Prioritized Hindsight with Dual Buffer for Meta-Reinforcement Learning

Sharing prior knowledge across multiple robotic manipulation tasks is a challenging research topic. Although the state-of-the-art deep reinforcement learning (DRL) algorithms have shown immense success in single robotic tasks, it is still challenging to extend these algorithms to be applied directly to resolve multi-task manipulation problems. This is mostly due to the problems associated with efficient exploration in high-dimensional state and continuous action spaces. Furthermore, in multi-task scenarios, the problem of sparse reward and sample inefficiency of DRL algorithms is exacerbated. Therefore, we propose a method to increase the sample efficiency of the soft actor-critic (SAC) algorithm and extend it to a multi-task setting. The agent learns a prior policy from two structurally similar tasks and adapts the policy to a target task. We propose a prioritized hindsight with dual experience replay to improve the data storage and sampling technique, which, in turn, assists the agent in performing structured exploration that leads to sample efficiency.

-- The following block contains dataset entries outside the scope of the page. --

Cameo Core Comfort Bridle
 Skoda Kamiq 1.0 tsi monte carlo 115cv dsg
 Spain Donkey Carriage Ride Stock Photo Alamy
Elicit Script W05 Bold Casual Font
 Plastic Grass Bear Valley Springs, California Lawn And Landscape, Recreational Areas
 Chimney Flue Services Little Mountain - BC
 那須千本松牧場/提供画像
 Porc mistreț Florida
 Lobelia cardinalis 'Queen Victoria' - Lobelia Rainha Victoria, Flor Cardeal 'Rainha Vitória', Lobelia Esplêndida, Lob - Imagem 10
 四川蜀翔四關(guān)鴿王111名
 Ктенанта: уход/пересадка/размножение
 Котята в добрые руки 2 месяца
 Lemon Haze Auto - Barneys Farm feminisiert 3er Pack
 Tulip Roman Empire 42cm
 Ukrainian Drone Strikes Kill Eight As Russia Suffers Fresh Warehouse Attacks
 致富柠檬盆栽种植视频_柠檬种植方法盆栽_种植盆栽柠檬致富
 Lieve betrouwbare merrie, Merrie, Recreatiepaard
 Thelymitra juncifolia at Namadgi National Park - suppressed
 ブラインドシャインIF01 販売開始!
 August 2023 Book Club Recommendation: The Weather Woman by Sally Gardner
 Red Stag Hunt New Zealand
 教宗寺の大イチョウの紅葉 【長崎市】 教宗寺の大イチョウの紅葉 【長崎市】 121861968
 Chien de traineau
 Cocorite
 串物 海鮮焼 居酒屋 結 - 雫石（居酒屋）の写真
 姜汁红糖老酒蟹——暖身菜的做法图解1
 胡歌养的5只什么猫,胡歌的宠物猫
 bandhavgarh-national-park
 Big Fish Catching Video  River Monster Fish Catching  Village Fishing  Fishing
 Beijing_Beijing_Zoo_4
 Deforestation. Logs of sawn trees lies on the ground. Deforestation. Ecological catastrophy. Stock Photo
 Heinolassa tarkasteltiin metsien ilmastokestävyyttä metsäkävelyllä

The proposed method separates the experience replay buffer into two buffers to contain real trajectories and hindsight trajectories to reduce the bias introduced by the hindsight trajectories in the buffer. Moreover, we utilize high-reward transitions from previous tasks to assist the network in easily adapting to the new task. We demonstrate the proposed method based on several manipulation tasks using a 7-DoF robotic arm in RLBench. The experimental results show that the proposed method outperforms vanilla SAC in both a single-task setting and multi-task setting.